Wednesday, June 6, 2012

Story of relentless CMS

Recently, a comment on other article of this blog has led me to noteworthy issue with CMS (Concurrent Mark Sweep) garbage collector.
Problem has appeared after minor release of application. JVM was configured to use CMS and it was working fine, but after a change its behavior has changed. Normally CMS is doing collection cycle when old space usage meets certain threshold, so you can see famous saw of heap usage.
Most time CMS is staying idle, just occasionally doing a collection. But after release, heap usage diagram have changed to something like this.

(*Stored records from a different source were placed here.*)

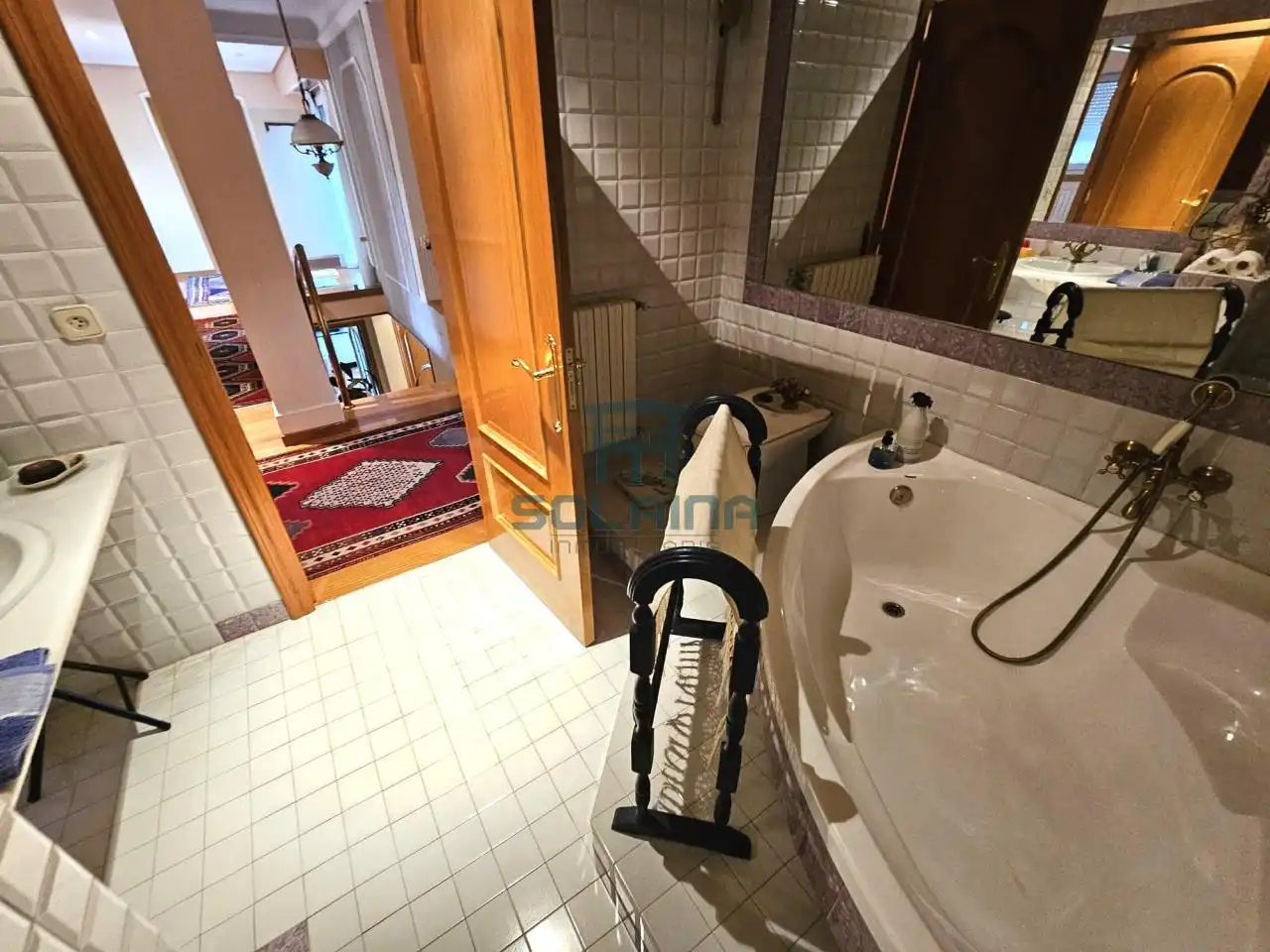 Bany de Casa o xalet en venda en Ourense Capital  amb Calefacció i Jardí privat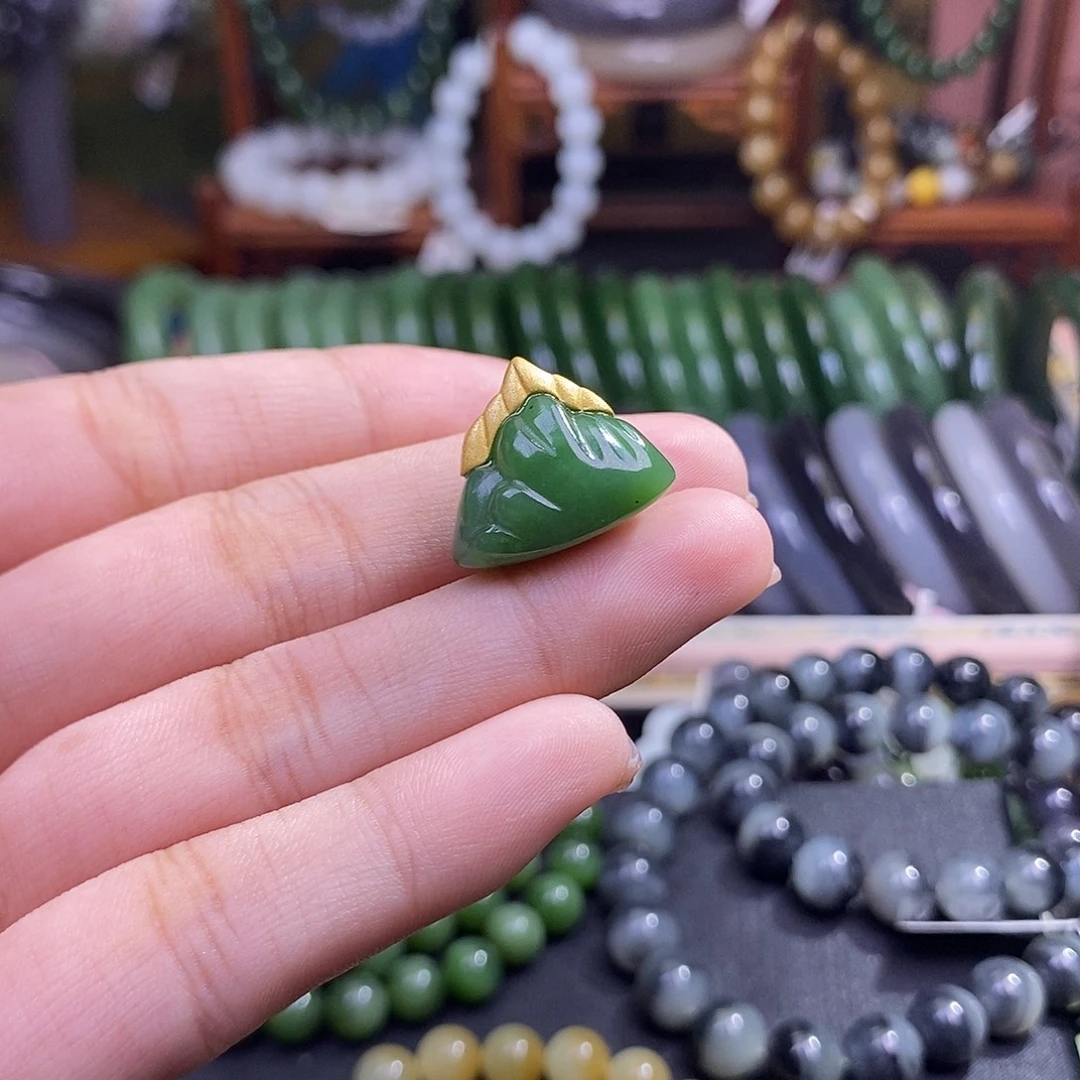 和田玉未镶嵌颈饰碧玉靠山银镶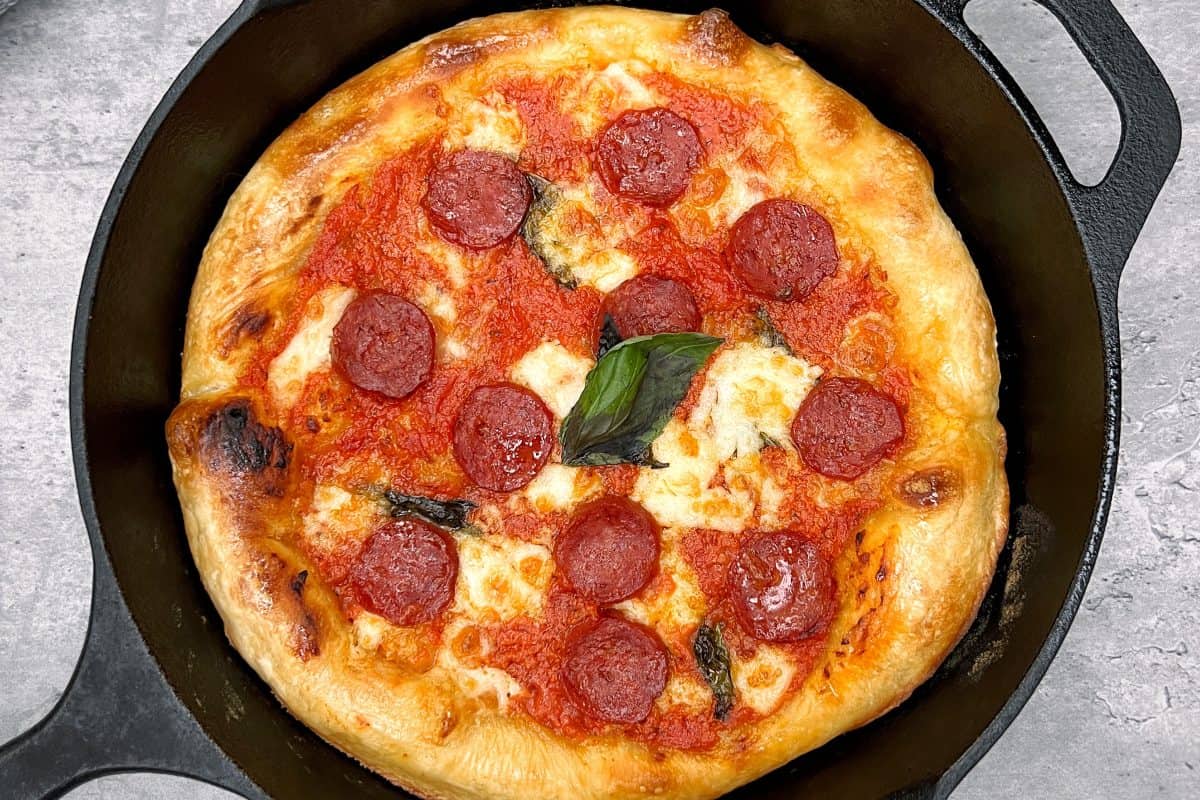 empty pizza pan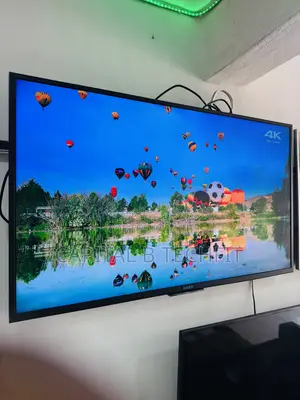 50inches Full Digital Satellite Android Sony TV ( Tiny Line on Screen)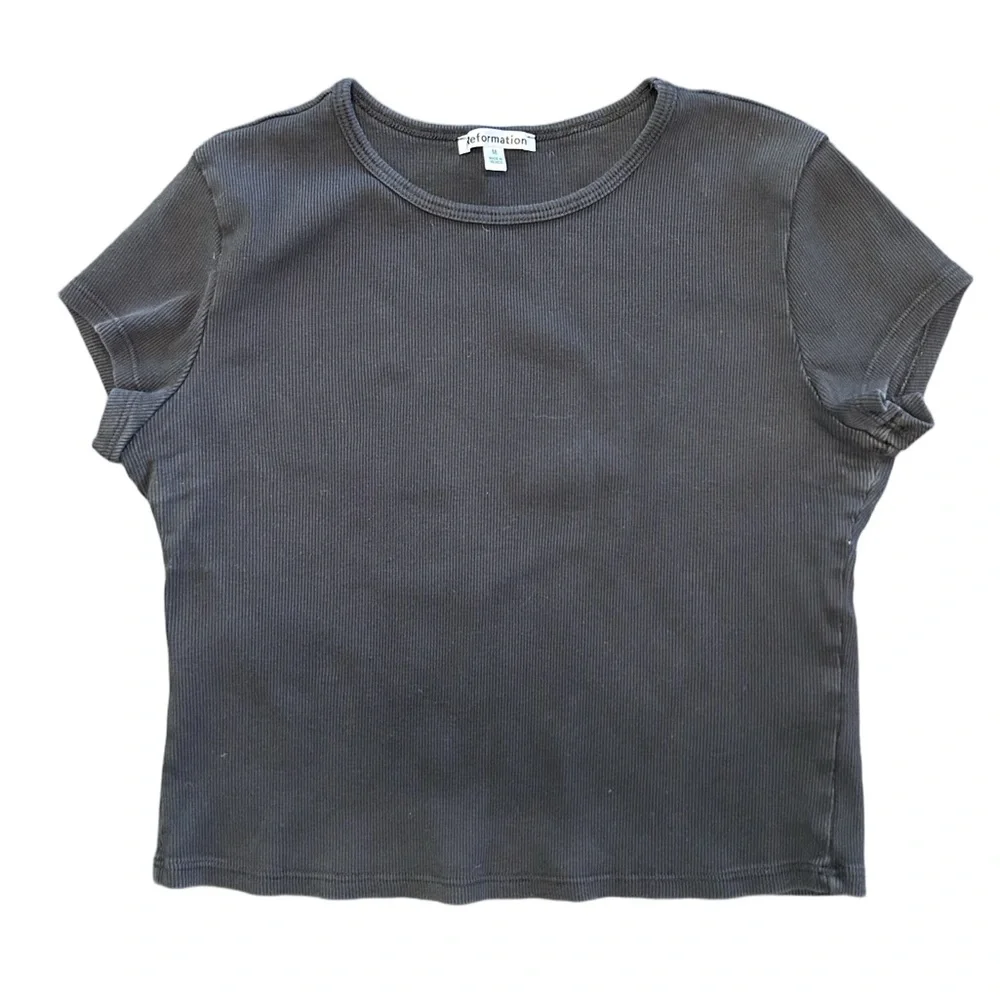 SOLD ****Reformation simple plain black short sleeve ribbed cropped top M - Picture 5 of 10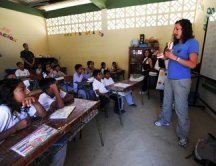 Una
                  case en un colegio en Ecuador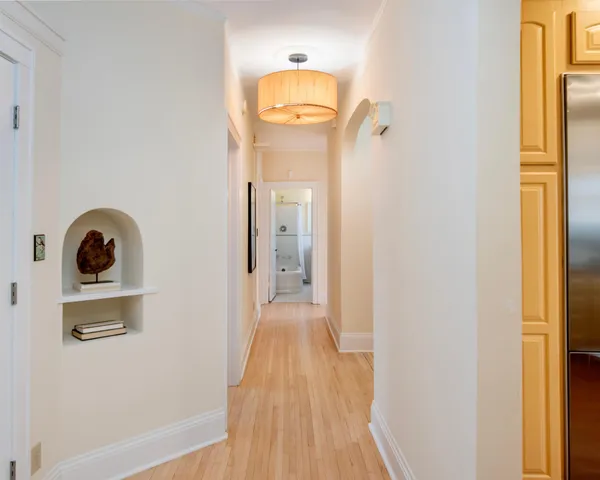 $795,000 | 1917 Summit Avenue, Unit 2, St. Paul, MN 55105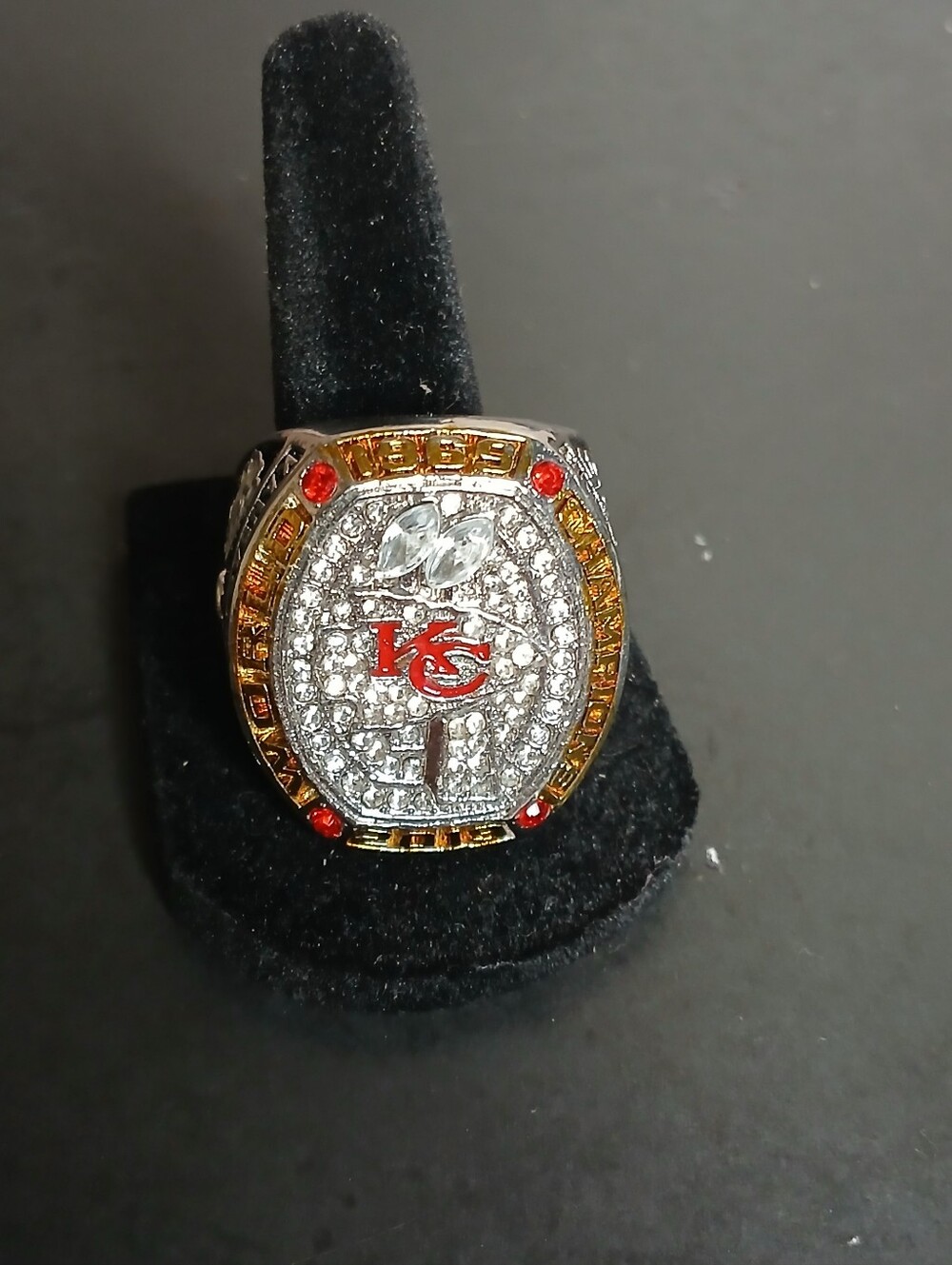 Kansas City Chiefs Replica Championship Ring - Gold & Silver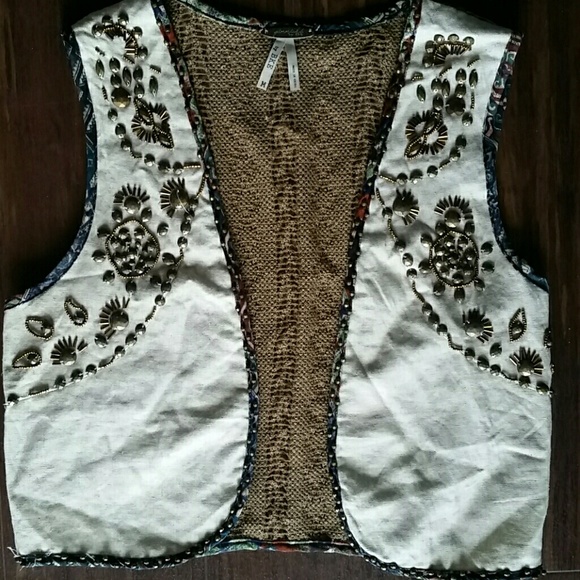 Gimmicks by BKE beaded vest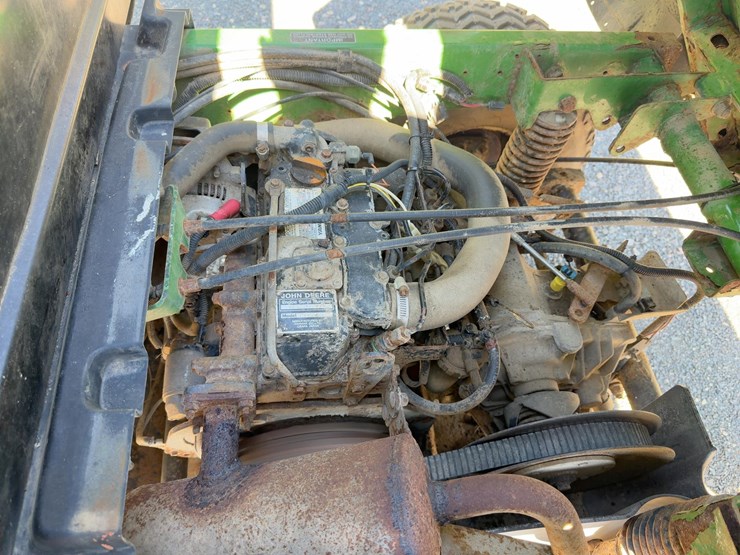 john-deere-gator-image-12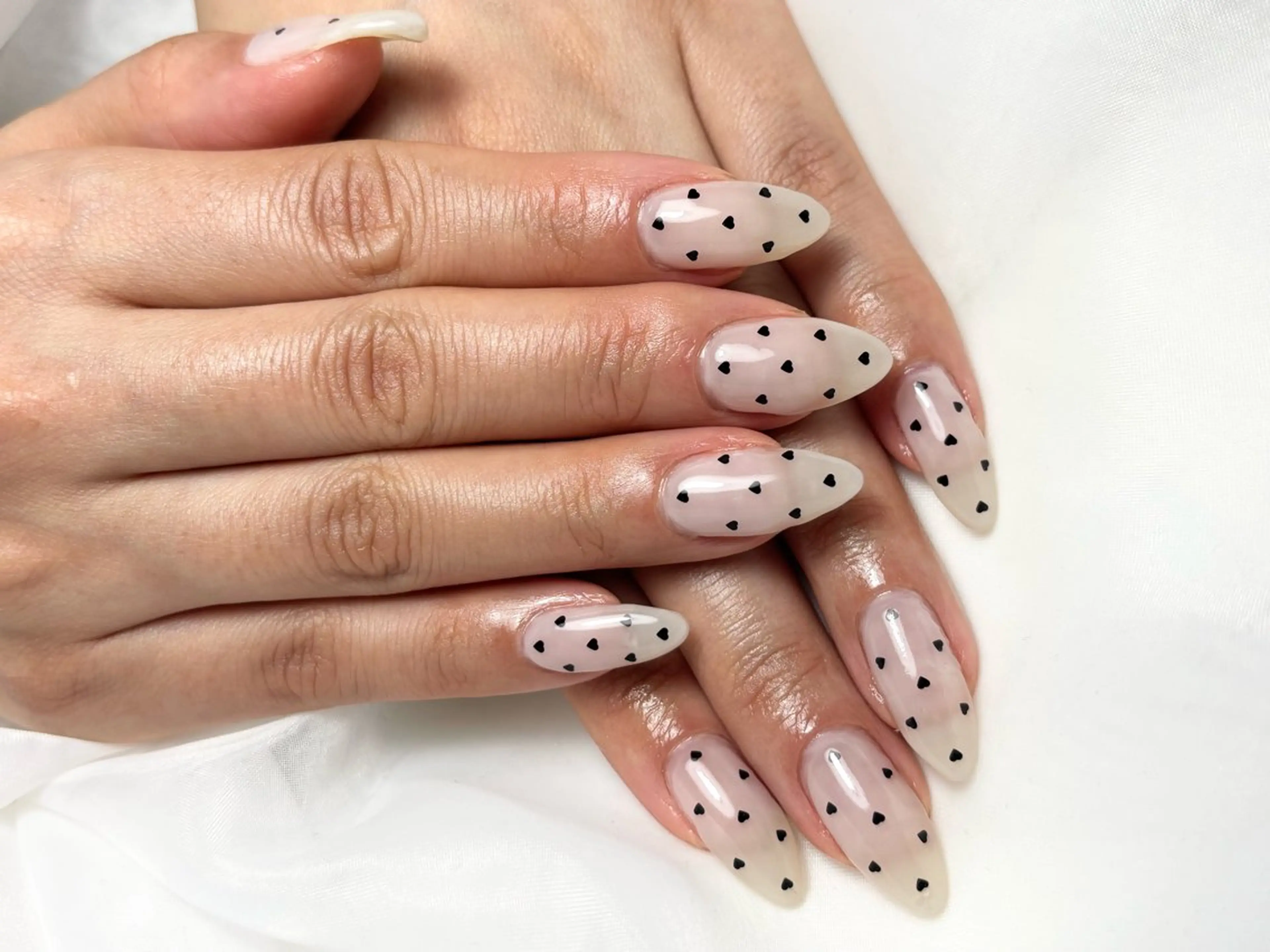 ネイル ハート ハンドネイル MIKA ♡のネイルデザイン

For some reason CMS is not waiting for heap usage threshold anymore and doing one old space GC cycle right after another. Heap usage diagram may not look bad by itself, but continuous background GC means that at least one core is constantly occupied by marking and sweeping old space. In addition, sweeping over memory also impacts cache utilization in CPUs causing additional impact to performance.
My first guess about –XX:+UseCMSInitiatingOccupancyOnly flag being missed was wrong (you know without that flag JVM could adjust CMS initiation threshold at runtime according to internal heuristics), CMS setup was fine.
After scanning through options, –XX:+CMSClassUnloadingEnabled flag has drawn my attention. By default CMS will not collect permanent space; you should use that flag to enable it. Permanent space is a special memory space used by Java class objects and some JVM data structures; it is not part of application heap and being sized separately. It means, in particular, that permanent space has its own memory usage which is not correlated with old space memory usage.
So, if CMS for permanent space is enabled, GC cycle will be triggered if either old space or permanent space has reached usage threshold. This turned out to be a problem. Permanent space was a little too small for application, so CMS were trying to collect it relentlessly.
Increasing permanent space size (-XX:PermSize=size) has solved an issue.
Alternative approach could be using different threshold for old and permanent space (i.e. –XX: CMSInitiatingPermOccupancyFraction=percent). Also it may make a sense to turn off permanent space collection at all, many applications just do not need it (it was called “permanent” for reason after all).